People Are Outraged As Hundreds Of Hunts Go Ahead In Boxing Day Tradition
The word 'tradition' is always at the heart of the festive period as families across the world partake in treasured annual customs. Some Christmas conventions may be relatively recent or solely observed by particular families, but plenty have been around for hundreds of years.
However, there are few formalities which attract more controversy than the tradition of a Boxing Day hunt in the UK.
According to the Daily Mail, there were more than 250 events that took place around Britain yesterday, with a generally common theme of protestors and a strong police presence. Former UKIP leader Nigel Farage was pictured laughing as he walked to the meeting point at Chiddingstone Castle, Kent.
Hunting has been practised in the UK for centuries, with the earliest example of fox hunting dating back to 1534 as a part of pest control.
Drag hunting has also been around for about 200 years and sees hounds follow an artificial scent like aniseed. However, when the Hunting Act was introduced in 2004 (effectively banning the hunting of wild animals like foxes and deer), many hunters turned to trail hunting.
Chris Pitt, Deputy Director of Campaigns at the League Against Cruel Sports, told LADbible there's one key issue with trail hunting: "The hounds are still trained to follow an animal-based scent [and] what happens is that the hounds often pick up the scent of a real animal, chase it and kill it, then the hunt claims that it was an 'accident'."
So it should come as no surprise that there were plenty of people out in force to protest against those who participated in the hunts yesterday. Many held signs and posters as the hunters rode their horses through the streets, dressed in their traditional clothing.

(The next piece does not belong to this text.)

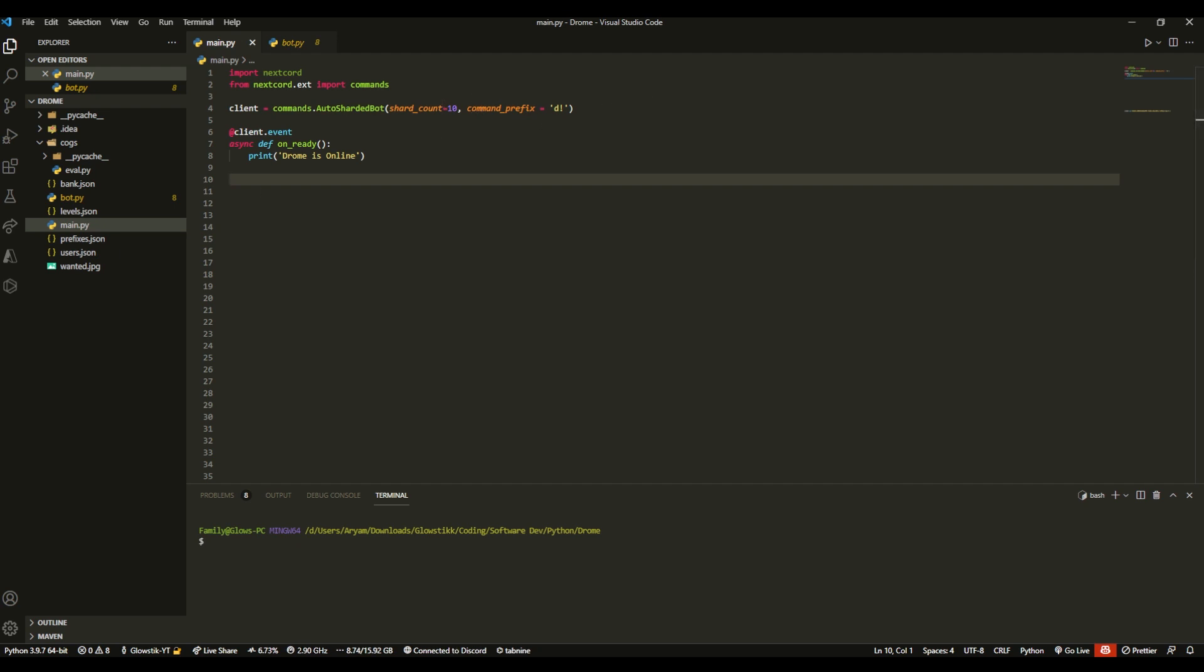This is literally a sharded bot. You can change this number depending on how many servers the bot's in. I recommend you set this if you have above a thousand servers your bot's in, then I recommend you do it.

"There's nothing wrong with a good tradition, but there's nothing good about the chasing and killing of animals for sport," Mr Pitt told us.
"Traditions can only continue if there's a modern appetite for them.
"We've thrown bear baiting, cock fighting and a whole range of traditions which involved the abuse of humans or animals into the dustbin of history. We thought the ban on hunting was the end for that particular tradition, but the hunts are resolutely refusing to abide by the law."
While there was a strong presence of protestors around the UK, there were plenty more on social media who took to their keyboards to express their anger at the continued tradition.
This is the reality to fox hunting. It has no place in modern Britain. Its barbaric and caused huge suffering. I have seen it first hand and i will fight against it until my last breath.
- kevin :flag_black: (@llywelyn_cymru) December 26, 2017
These should be completely outlawed. It is the 21st Century not the 19th. If you want to exercise your dogs and horses then do it but there is absolutely no need to slaughter a fox for sport.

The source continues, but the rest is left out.